Martin Kollar et son art du "rien de spécial" attend l'image qui va surgir n'importe où, n'importe quand, la situation cocasse, absurde que le hasard met sur sa route afin de faire ressortir l'atmosphère particulière du moment. Tout cela pour débusquer des portraits de personnages à l'action indéfinissable, arrêtés dans un temps suspendu, comme si rien d'essentiel était en jeu.
"Je commencerais par quelques interrogations. Comment serait-ce si nous étions nés avec d'autres parents, dans un autre lieu et à un autre moment? Comment aurions nous grandi et que serions nous devenus? Probablement que nous nous sommes tous déjà posés la question de notre détermination et de la fatalité du hasard de notre naissance. Chacun de nous s'est déjà demandé pourquoi il est né ici et à ce moment là.
Voilà les questions qui me tourmentent à une époque où la rencontre avec d'autres coutumes est inévitable, où voyager d'un continent à l'autre est un acte anodin et où beaucoup de mes amis et même ma famille la plus proche – ma soeur et mon frère – vivent avec des compagnons d'origines différentes. Sans parler du contact avec d'autres cultures par Internet et par les médias.
J'aime beaucoup marcher et j'aime aussi beaucoup me déplacer en voiture. Pendant mes voyages, je vois des gens et des bâtiments qui me conduisent toujours aux mêmes réflexions. Pourquoi les gens veulent-ils vivre et travailler justement dans ces bâtiments-là et non dans d'autres ? Quelle est l'histoire de ces bâtiments ? Qui les a conçus ? Qui sont ces personnes ? Qui y est né ? Et pourquoi pas moi ?
Il y a un mois, j'ai visité Clermont-Ferrand et j'ai été surpris de voir à quel point cette ville ressemble à celle où je suis né. Une ville de taille moyenne située au centre du pays sur un fond de montagnes et dans laquelle il y a une grande usine. Ce qui m'a spécialement frappé c'est qu'au sommet de chaque colline entourant la ville, il y a quelque chose : un émetteur de télévision, un château fort, un téléphérique ou encore de la neige. Exactement comme aux alentours de ma ville natale, Žilina, que j'ai quitté il y a 20 ans, sans ressentir le besoin impérieux d'y retourner.
Mon projet pour Clermont-Ferrand est une série de photo d'une ville où je ne suis pas né, mais où cela aurait théoriquement pu être possible. Je voudrais que mes photos évoquent la vision de quelqu'un qui revient dans la ville où il a grandi, après de longues années passées ailleurs. Je voudrais aussi pouvoir y retrouver quelques traces de mon enfance. Bien sûr que je ne suis pas capable de déterminer exactement cette sensation, je peux seulement la dépasser légèrement et essayer de ne pas trop m'en éloigner.

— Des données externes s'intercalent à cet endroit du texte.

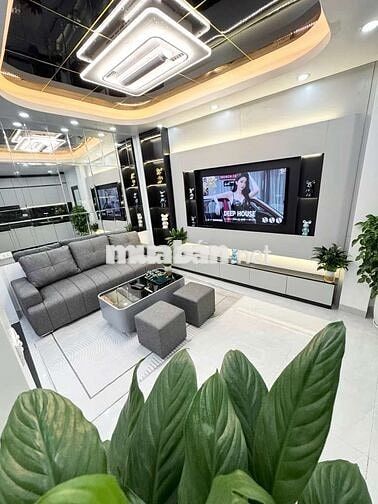 Khâm thiên - Đống Đa. 31m 5 tầng nhà đẹp ở ngay.
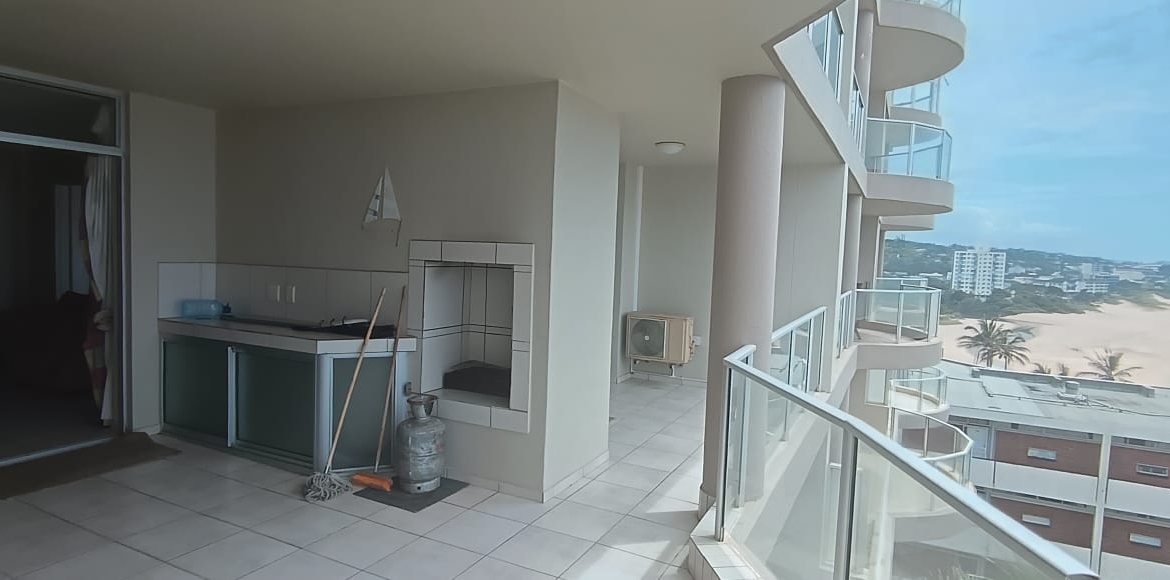 Oceanfront Living: 3-Bedroom Apartment with Panoramic Sea Views in Margate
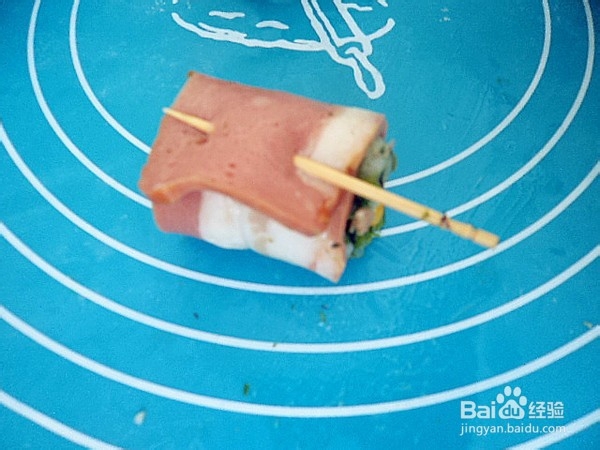 教你简单做出小白菜培根饭卷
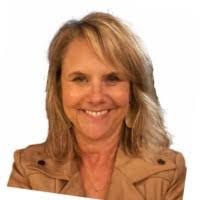 Lisa Nickel's Instagram, Twitter & Facebook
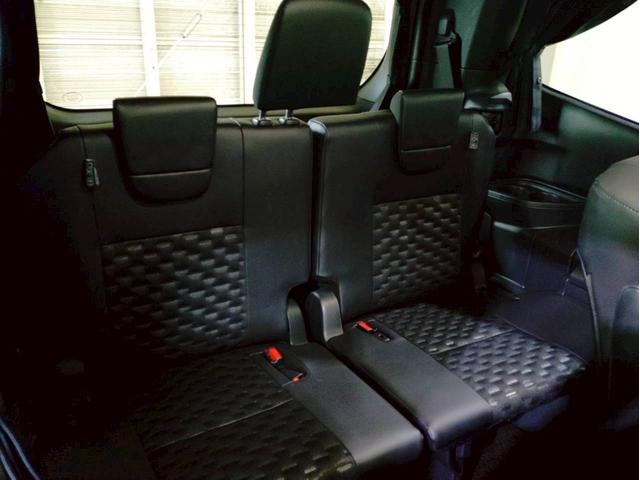 ヴォクシー ハイブリッドＳ－Ｚ　ナビ・ＴＶ・ディスプレイオーディオ・ＥＴＣ２．０・全方位モニター・リヤモニター・両側パワースライドドア・パワーバックドア・ユニバーサルステップ付（40枚目）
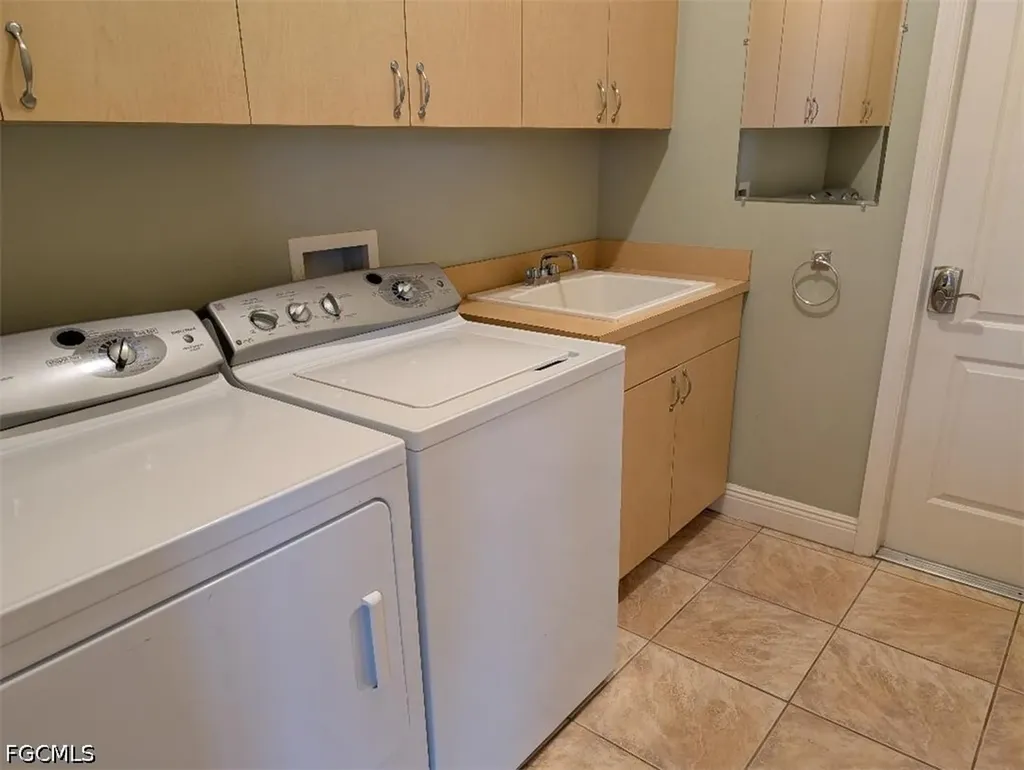 161 SE 17th Street Cape Coral FL 33990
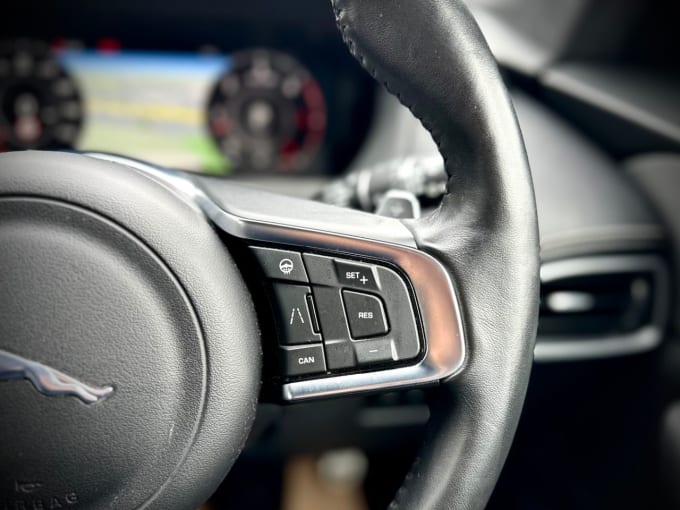 2025 Jaguar F-pace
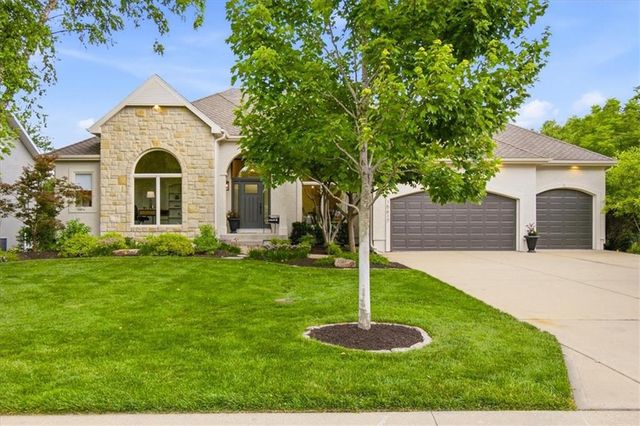 15617 Pawnee Street, Overland Park, KS 66224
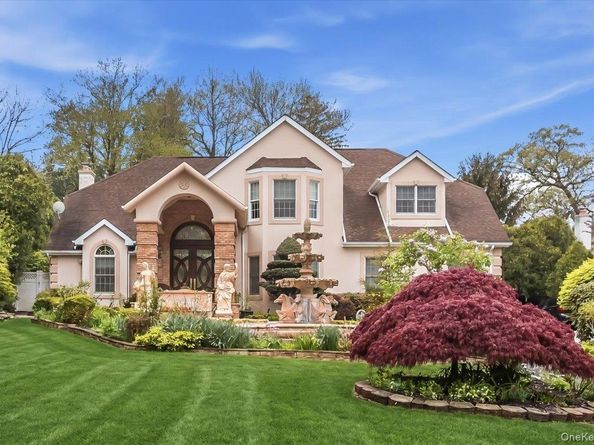 21 Chauncey Place, Woodbury NY 11797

Rien de sentimental ne devrait se trouver dans mes observations et dans mes comparaisons ; bien au contraire puisque j'ai grandi dans une autre culture et même sous un autre régime politique. Cette série de photos est alors l'histoire d'une ville, de ses habitants et de ses environs. Les photos sont des confrontations et des observations de mes impressions vécues et oubliées depuis longtemps et de mes rencontres avec des gens ressemblant ou non à ceux que j'avais déjà rencontrés."